Bloomfield's wife, Frances Bloomfield, 57, who lived at 38 Wakefield Court in Iowa City, was reported missing Sept. 22, 1997, by her husband John — a researcher at the University of Iowa’s Center for Computer-Aided Design. Three days later, Winnebago County, Ill. authorities found a body bound with pantyhose and wrapped in plastic and duct tape in a ditch near Rockford.

Authorities believed Bloomfield had been strangled in her Iowa City home. Court documents released in 1997 revealed investigators who responded to the Bloomfield home found blood stains in two bedrooms on the second floor of the home, as well as a mark that indicated Bloomfield was dragged through the hallway.
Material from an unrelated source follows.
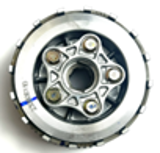 [22200-VTO-150] EMBRAGUE COMPLETO SET HONDA CGL 125 TOOL (12-19) FT 125 2008-2023, XPRESS 150 2018-2023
A blood stain also was found on the wall at the bottom of the stairs between the first and second floors, and two stains were located on the garage floor, according to the documents, which are detailed in a Nov. 26, 1997, Gazette article.

Her car was later discovered at Newark, N.J., International Airport.

John Bloomfield told authorities he was in the Chicago area returning from a business trip at the time of his wife’s death. However, police said Bloomfield was unable to sufficiently account for the time when he would have been driving.

If convicted of first-degree murder, a class A felony, Bloomfield would spend the rest of his life in prison.